In a hard line speech on immigration today David Cameron will also announce plans to lengthen the time that couples have to be together before they can settle in this country.

Mr Cameron is expected to announce the partial results of a Government inquiry which found that 70 per cent of UK-based sponsors had post-tax earnings of less than £20,000 a year. He will say that current levels of earning are not enough to ensure that married immigrants will not become dependent on benefits: "We need to make sure – for their sake as well as ours – that those who come (to Britain)... have the resources they need to live here and make a contribution here – not just to scrape by, or worse, to subsist on benefit.

"And we're going to look at further measures to ensure financial independence: discounting promises of support from family and friends, and whether a financial bond would be appropriate in some cases."

Mr Cameron will also announce new measures to cut back on "sham" marriages. He will cite the case of a Pakistani national who applied for a spouse visa on the basis of his marriage to someone settled in the UK. The man obtained indefinite leave to remain but then divorced his UK-based spouse and returned to Pakistan, re-married and then applied for entry clearance for his new spouse.
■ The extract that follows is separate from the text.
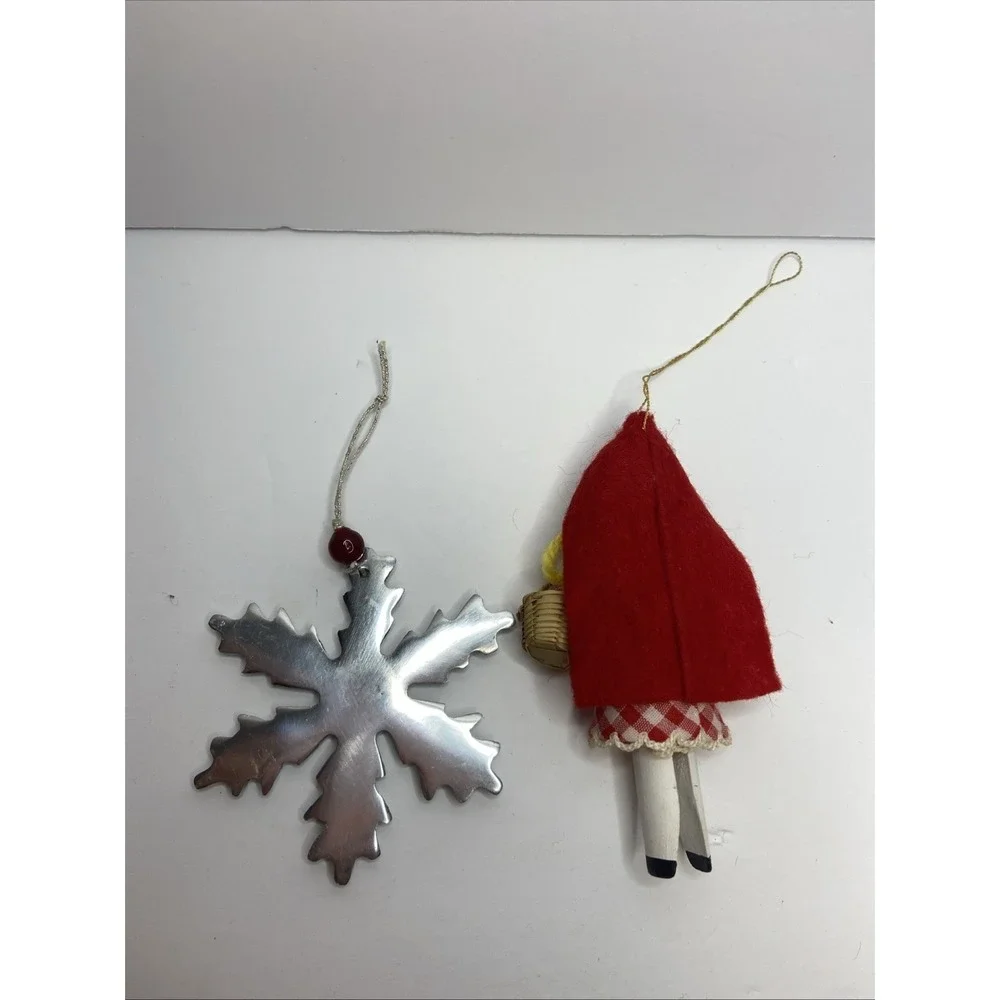 Vintage Christmas Ornaments Metal‎ Snowflake & Wooden/Cloth Red Riding Hood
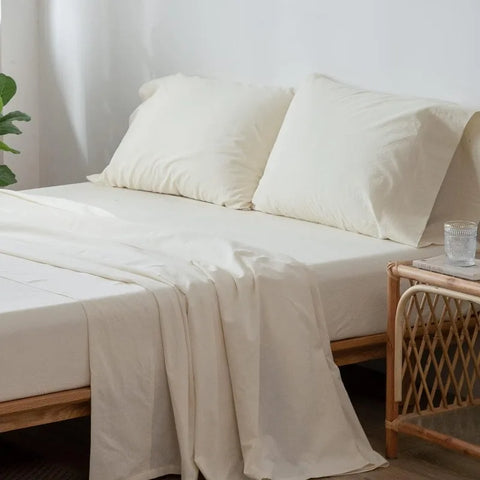 Bedding Sheet Set 100% Washed Cotton Linen Like Textured Breathable Durable Soft Comfy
"We simply cannot sit back and allow the system to be abused in this way," he will say. "So we will make migrants wait longer, to show they are in a genuine relationship before they can get settlement. And we'll also impose stricter, clearer tests on the genuineness of a relationship, including the ability to speak the same language and to know each other's circumstances." Mr Cameron will also announce that he intends to look at new measures to crack down on forced marriage – including the possibility of making it a specific offence to force someone to marry, describing forced marriage as "little more than slavery".